Norwegian’s traffic figures for May showed that Norwegian had 1.6 million passengers, an increase of 16 percent compared to the previous month.
“As we approach the busy summer months, we continue to ramp up production as planned to meet the increasing demand. Despite capacity constraints at certain airports, we manage to complete almost a 100 percent of our 400 daily scheduled flights with high punctuality,” said Geir Karlsen, CEO of Norwegian.
Punctuality, as measured by the number of flights departing within 15 minutes of scheduled time, was at 84.9 percent in May, an increase from 82.6 percent in April. As many as 97 percent of all flights arrived on schedule or no more than an hour late.
The number of passengers increases month by month, and the company notes that bookings for the summer period continue to grow. A lot of people have already booked tickets to sun and sand destinations and recently Norwegian has seen growth in the city destinations as well. During May, the company opened several new routes to serve the growing demand.
Norwegian had 1,628,040 passengers in May, as compared to 96,909 in May 2021. The load factor was 79.2 percent. The capacity (ASK) was 2,459 million seat kilometres, while actual passenger traffic (RPK) was 1,947 million seat kilometres. In May, Norwegian operated an average of 64 aircraft and 99.7 percent of scheduled flights were completed.
Norwegian has significantly increased its fleet as planned in 2022 and will operate 70 aircraft during the summer.
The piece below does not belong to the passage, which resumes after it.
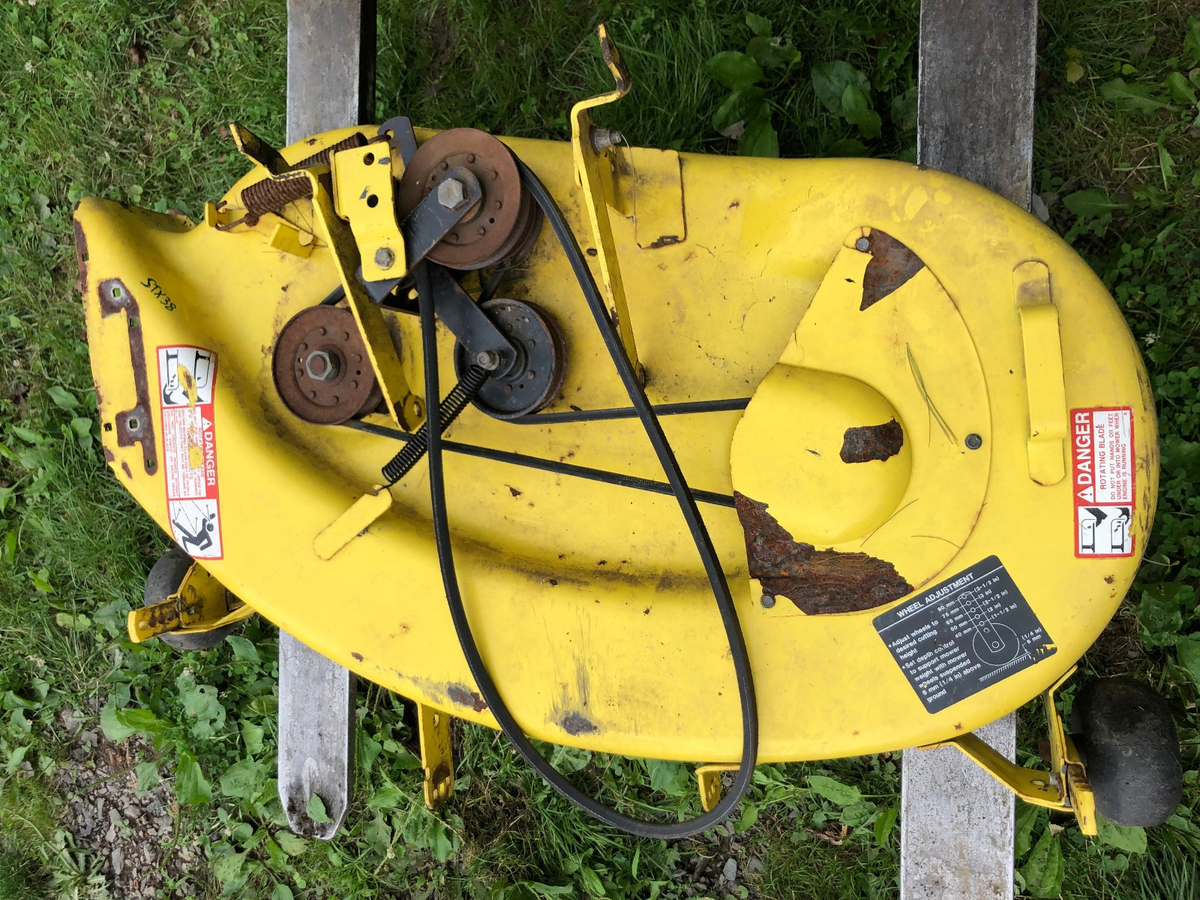 てす☆ John Deere STX38 38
Recently, Norwegian signed an agreement in principle with Boeing that will ensure delivery of new 737 MAX 8 aircraft in the years to come. A continued fleet renewal will give passengers an even more comfortable on-board experience in modern and fuel-efficient aircraft.
Norwegian has made a major decision to shut down its long-haul Boeing 787 Dreamliner network and concentrate on short-haul operations from Europe with this announcement:
Norwegian’s Board of Directors has outlined a simplified business structure and dedicated short haul route network. With this plan, Norwegian can build a robust and solid company that will attract investors and continue to serve new and existing customers.
Norwegian has long been recognized as an industry leader in low cost travel, winning numerous awards. The company will build on this foundation, focusing on its core Nordics business, operating a European short haul network with narrow body aircraft. The airline will continue to meet its customers’ needs by offering competitive fares across a broad range of domestic routes in Norway, across the Nordics and to key European destinations.
“Our short haul network has always been the backbone of Norwegian and will form the basis of a future resilient business model,” said Jacob Schram, CEO of Norwegian.
The current plan is to serve these markets with around 50 narrow body aircraft in operation in 2021 and to increase that number to around 70 narrow body aircraft in 2022. Furthermore, Norwegian targets to reduce its debt significantly to around NOK 20 billion and to raise NOK 4 – 5 billion in new capital through a combination of a rights issue to current shareholders, a private placement and a hybrid instrument. The company has received concrete interest in participation in the private placement. Norwegian has recently reinitiated a dialogue with the Norwegian government about possible state participation based on the new business plan.
The COVID-19 pandemic has profoundly affected the entire aviation industry. Travel restrictions and changing government advice continue to negatively influence demand for long haul travel, and Norwegian’s entire Boeing 787 Dreamliner fleet has been grounded since March 2020. Future demand remains highly uncertain. Under these circumstances a long haul operation is not viable for Norwegian and these operations will not continue. The consequence of this decision is that the board of directors of the legal entities employing primarily long haul staff in Italy, France, the UK and the US have contacted insolvency practitioners. Norwegian will continue to assess profitable opportunities as the world adapts and recovers from the impact of COVID-19.
Customers with bookings affected by the future changes in our route network will be contacted directly and will be refunded. The examinership and reconstruction processes undertaken in Ireland and Norway will continue as planned, and the plan presented today is subject to approval by the Examiner and Reconstructor, support from the creditors and subsequently court approval.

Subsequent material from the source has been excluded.